# Does anyone see a good use in the? Such as?



## Rreyes097 (Nov 24, 2022)

Can anyone see a use for this in particulary a furnace to incinerate things? It's a BBQ coal fire starter thingy. Im not creative so fabricating something to it something else can be difficult at times for myself.


----------



## FrugalRefiner (Nov 24, 2022)

It's upside down.

It's only intended for brief exposure to high temperatures, not for what we do.

Dave


----------



## Rreyes097 (Nov 25, 2022)

Oh yeah I know it's upside down. But I guess it's of no use though


----------



## cejohnsonsr1 (Nov 25, 2022)

Only thing that’s good for is lighting off a small amount of charcoal to get your grill going.


----------



## Rreyes097 (Nov 26, 2022)

I was hoping to use it in a future furnace or something. Since most of whatever material I have left will need incineration either at the beginning or at some point in the process. And since I'm not very creative I've been asking others for ideas and/ or looking at everything sitting around in my garage as potential furneses!


----------



## Rreyes097 (Nov 26, 2022)

Here is a pic of a furnace I copied off YouTube. The guy that designed it was really only melting aluminum cans so I don't think it's a durable design . The inner portion in the bucket is plaster of Paris and from what I'm told it's not going to last much more then a few melt sessions. There's a hole on the side for air. But I was hoping that my fellow forum members would have a few for ideas to help me turn this thing into a real furnace. Or even a temporary one for incineration. Any ideas y'all?


----------



## goldshark (Nov 27, 2022)

Many a good furnace has a light weight metal jacket on the outside. The inside is what makes a furnace a furnace. If you put a 2" layer of kaowool inside the metal jacket, then a 2" layer of 2600 F firebricks inside, that would take care of the refractory portion.
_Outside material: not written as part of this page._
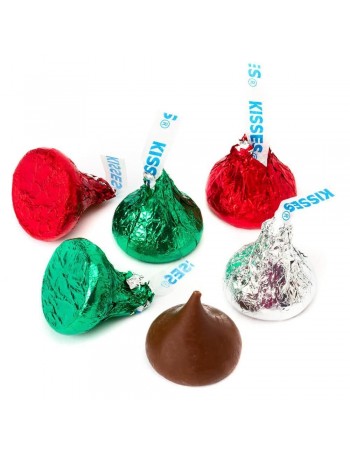 HERSHEY'S - Besos de chocolate con leche rojo, verde y plateado 15 unidades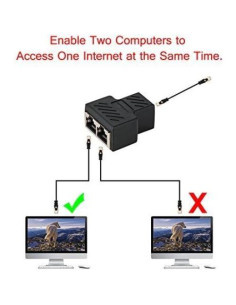 Adaptador Divisor RJ45 Oxsubor 1 a 2 Hembra Cat6 - Paquete de 2 2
Couple it with any variety of burner/blower combinations, pyrometer, and you have at least a decent furnace for crucible melting, incineration, etc.. Watch a number of Youtube videos for basic construction and operation. Try building your own, nothing ventured, nothing gained. I like the ease of propane + blower combo, with variable damper on side of squirrel cage. That combo seems to give the greatest variation in heats needed, as well as Oxidizing or reducing flame, depending on your needs. I didn't see any dimensions on your" looks like an upside down turkey frier stand". Also don't know what size you need, so I don't have any further advise other than you stated you are not creative. WELL GET CREATIVE!


----------



## Rreyes097 (Nov 27, 2022)

Get creative? Well I've been trying to do that all my life. But I hear you loud and clear. I'll try to think of something do you think I should take out the plaster of paris? I'm hoping to be able to use this for incineration and smelting because I have nothing but lots and lots of ic chips and mlccs. So lots of incineration is needed. But where can I find that wool and those firebricks?


----------



## goldshark (Nov 28, 2022)

Post a couple of pictures of the inside, with a tape measure laid out across the top so we can get a better idea of what you have to start with. Include any other specifications such as current liner material, propane burner or electric heat source, accessory lid, bottom, metal thickness of shell, heat temperature rating, etc.. Let us know what you have, and we'll see where we can go. Google "refractory materials" in N. Cal. for cheapest freight. Post pics. ,see if some on here concur that what you have is worth investing in, before proceeding to buy the materials, and how much you will need.


----------



## Rreyes097 (Nov 28, 2022)

Ok I will post all info and pics as soon as possible. Thank you so much for the help. It's so appreciated!


----------



## Rreyes097 (Nov 28, 2022)

goldshark said:


> Post a couple of pictures of the inside, with a tape measure laid out across the top so we can get a better idea of what you have to start with. Include any other specifications such as current liner material, propane burner or electric heat source, accessory lid, bottom, metal thickness of shell, heat temperature rating, etc.. Let us know what you have, and we'll see where we can go. Google "refractory materials" in N. Cal. for cheapest freight. Post pics. ,see if some on here concur that what you have is worth investing in, before proceeding to buy the materials, and how much you will need.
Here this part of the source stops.